■ **WORK REQUIRED**:
Taking the line that contains "Мечты сбываются случайно" as the start and the last line of the data as the end, repeat exactly every line in that span, but no pictures.

--- DATA BLOCK Enclosed Below ---

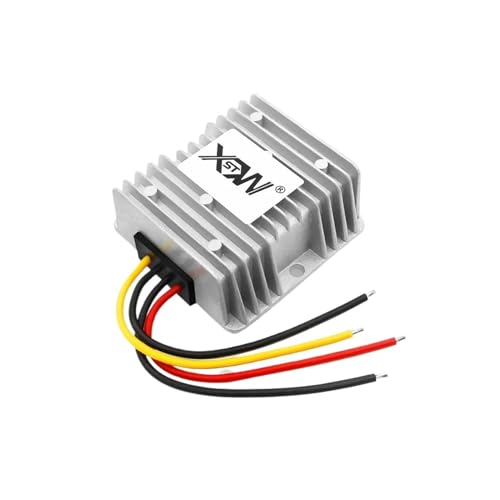 ONGCPQPEO DC DC 12 V auf 48 V 2,1 A 3 A 3,5 A 5 A Step Up Boost Wasserdichter IP67-Stromversorgungskonverter 48 Volt DC-Spannungsregler(2.1A) von ONGCPQPEO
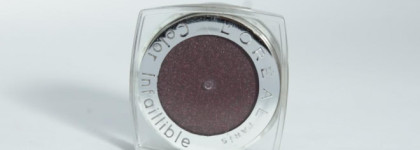 Мечты сбываются случайно - тени для век Loreal 'Color Infaillible' №13 Вишневая звезда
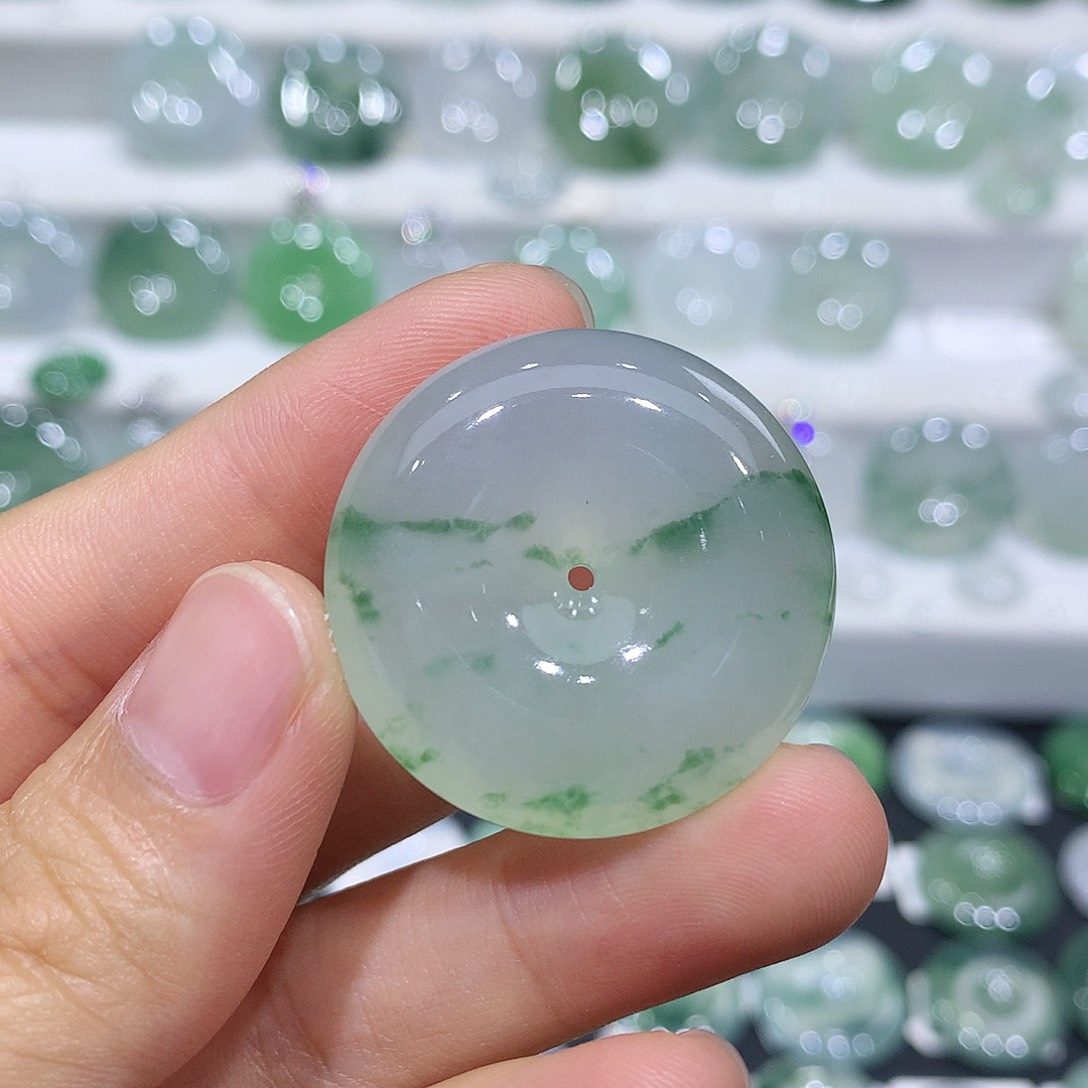 C***a翡翠未镶嵌吊坠(不含链)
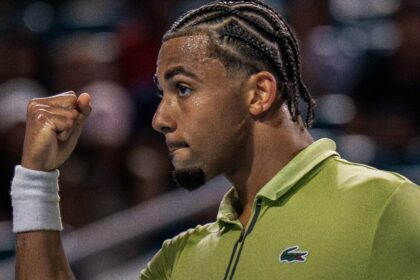 Arthur Fils - ATP MIami 2026 (@X ATPTour)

--- End of Enclosed DATA BLOCK ---

■ **EXERCISE RESULT**:
 Мечты сбываются случайно - тени для век Loreal 'Color Infaillible' №13 Вишневая звезда
 C***a翡翠未镶嵌吊坠(不含链)
 Arthur Fils - ATP MIami 2026 (@X ATPTour)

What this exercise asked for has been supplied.